Twin sisters Emily Bruskin (violin) and Julia Bruskin (cello) formed the Claremont Trio with Donna Kwong (piano) in 1999 at The Julliard School. The Trio is based in New York City near its namesake: Claremont Avenue. Two Russian piano trios, which they recorded on the Tria label (their feminine variation of Trio?), appeared on their program at the Isabella Stewart Gardner Museum on Sunday, September 20.
Anton Stepanovich Arensky’s Piano Trio No. 1 in D minor, Op. 32, composed in 1894, remains his best-known work for good reason. Its immediacy and its being a thoroughly 19th-century time capsule make the trio a treasure of its own kind from the first to last notes. Arensky studied under Rimsky-Korsakov. then taught at the Moscow Conservatory where Rachmaninoff and Scriabin were among his pupils.
The opening Allegro moderato missed on lyricism in preference to a panoptic offering of themes. Spaciousness and Romantic flair, though, became more evident the further the Claremonts pursued the ever familiar-sounding music. For sure, the second movement, a scherzo, frolicked all the way, never once letting up for a New York second; this, with big scares from the bass-end piano notes playing off with tiny intermittent sparklers emitted from high-stratosphere string harmonics. Surely, this movement turned out to be the favorite of the audience.

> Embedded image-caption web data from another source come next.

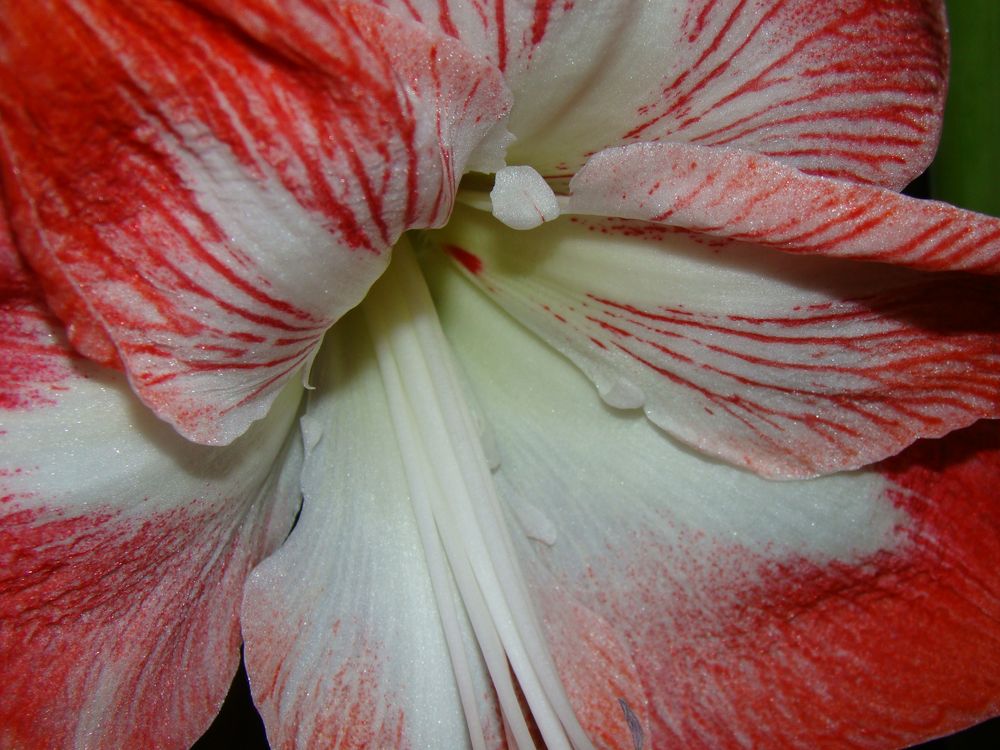 Blumen und blüten erheitern das gemüt und geben uns viel von Lucia H 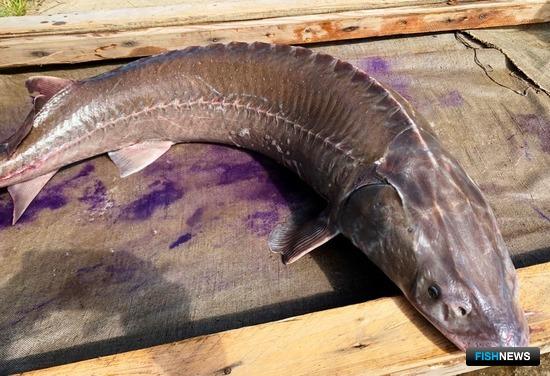 Осетров-родителей вернули в Иртыш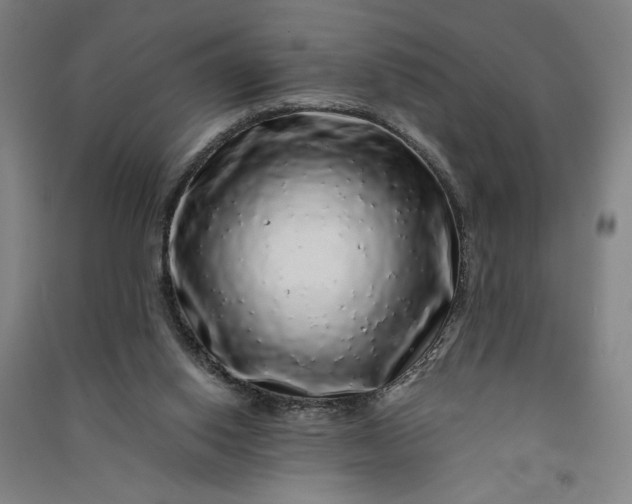 X0000091100062200708201531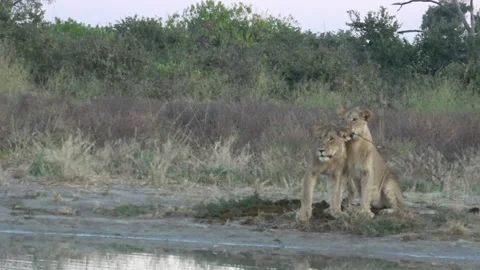 Lion subadults cuddle as one chews twig by waterhole — Part 3 Stock Footage 322049840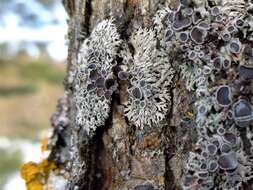 Image of rosette lichen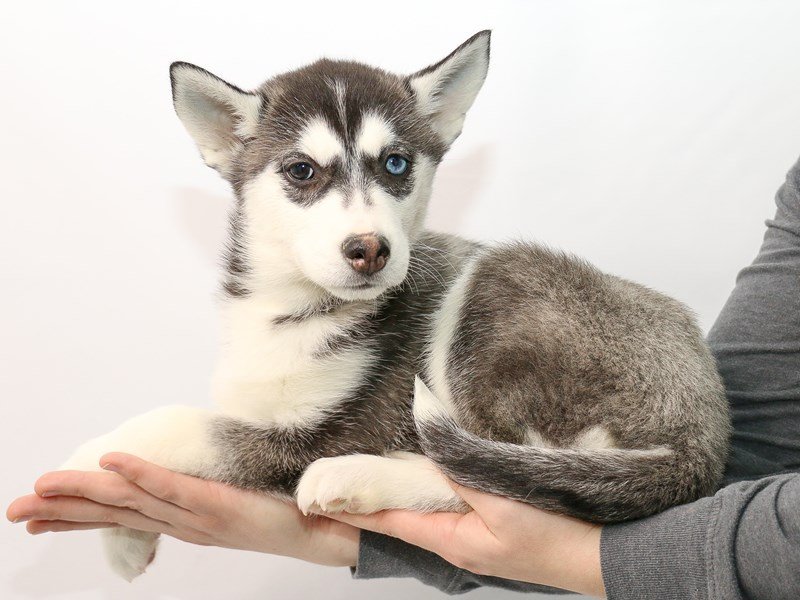 Siberian Husky-DOG-Female--2913338-My Next Puppy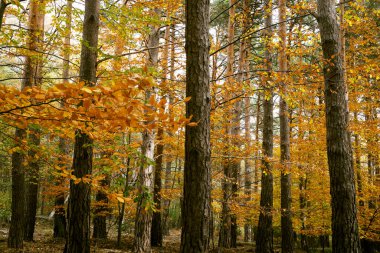 Sonbaharda ağaçlı orman, sonbaharda yapraklı dallar ve ağaçlar.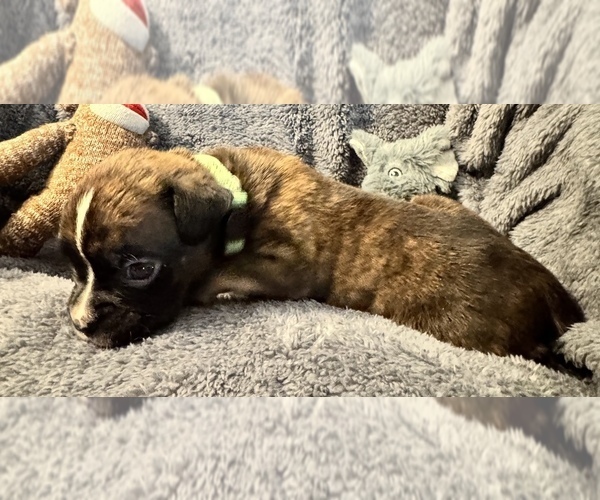 Medium Photo #10 Boxer Puppy For Sale in LANSING, MI, USA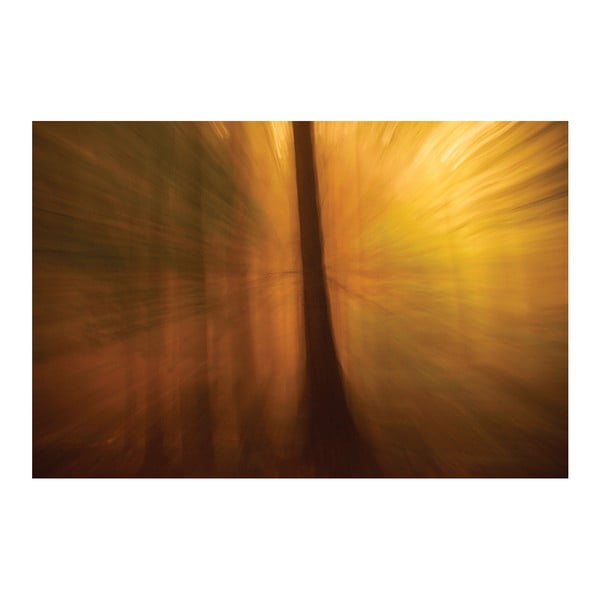 Fotoobraz Svítání v lese, 90x60 cm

Refined fun along with all kinds of action in Arensky’s Romantic-era retrospective radiated from the trio’s extraordinarily disciplined playing and exceptionally staged presence. You could not miss a note given their individualistic deportment on trio playing.
Obviously, the three know this music inside and out. But for some reason, it felt as if they have yet to truly own the Arensky. A certain 19th-century feel seemed to elude them.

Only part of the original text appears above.